FER(N)FÜHRUNG GEGEN DEN OPERNBLUES – #1 DER ZUSCHAUERRAUM
Vermissen Sie es schon? Das Opernhaus zu betreten, den Platz im Zuschauersaal einzunehmen, den Sitznachbarn zu begrüßen, das Programm-Heft durchzublättern, das Einstimmen im Orchestergraben zu verfolgen, ungeduldig auf den Beginn der Vorstellung zu warten... Vielleicht hatten Sie auch eine Besichtigung des Opernhauses geplant, um mehr über diesen faszinierenden Ort zu erfahren? Dann soll Ihnen diese Fer(n)führung als kleine Entschädigung dienen!
Der Zuschauerraum ist neben der Bühne der zentrale Raum des Opernhauses. Seit ihrer Erbauung hat die Nürnberger Kulturstätte zwei große Renovierungsphasen durchlaufen.
VOR 1935
Das neue „Stadttheater am Ring“ in Nürnberg wurde im Jahre 1905 von Heinrich Seeling erbaut, zu jener Zeit ein sehr renommierter Theaterbauarchitekt. Mit Hilfe von Karl Selzer, einem Passauer Dekorationsmaler, konzipierte er den Innenbereich. Die aufwendige Ausstattung sollte dem zeitgenössischen Jugendstil entsprechen.

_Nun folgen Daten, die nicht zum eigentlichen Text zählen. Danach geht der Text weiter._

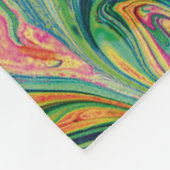 クリスマスの星 |抽象芸術 |緑のフェスティバル フリースブランケット (角)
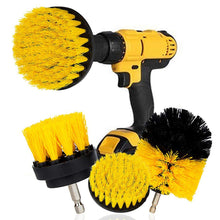 Load image into Gallery viewer, 3Pcs/Set Electric Scrubber Brush Drill Brush Kit Plastic Round Cleaning Brush For Carpet Glass Car Tires Nylon Brushes 2/3.5/4&#39;&#39;
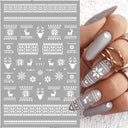 Winter Snowflake Nail Art Stickers for Holiday Glam Designs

Ursprünglich hatte der Zuschauerraum mit seinen vier Rängen ein Fassungsvermögen von 1400 Sitzplätzen. Die Aufteilung in Ränge basiert auf der zu jener Zeit üblichen Unterteilung der gesellschaftlichen Schichten. Diese Klassentrennung ist auch anhand der Innenarchitektur und der Bodenbeläge zu erkennen (Teppich im Parkett und im 1. Rang, Holzfußboden im 3. und 4. Rang).
Der Zugang zum 2., 3. und 4. Rang wurde bewusst von der Parkettebene und dem 1. Rang getrennt, um das einfache Bürgertum und die Arbeiterklasse von den wohlhabenden Gesellschaftsschichten zu trennen.
NACH 1935
In der NS-Zeit fand ein massiver, ideologisch begründeter Eingriff in die Struktur des Hauses statt. Auf Anweisung von Adolf Hitler erhielt Paul Schultze-Naumburg 1935 den Auftrag, das Innere des Opernhauses innerhalb von sechs Monaten umzubauen. Er entschied sich für geradlinige und kühle sachliche Formen des Klassizismus, was eine Entfernung des Jugendstildekors und den Verlust der vorhandenen historistischen Ausstattung zur Folge hatte.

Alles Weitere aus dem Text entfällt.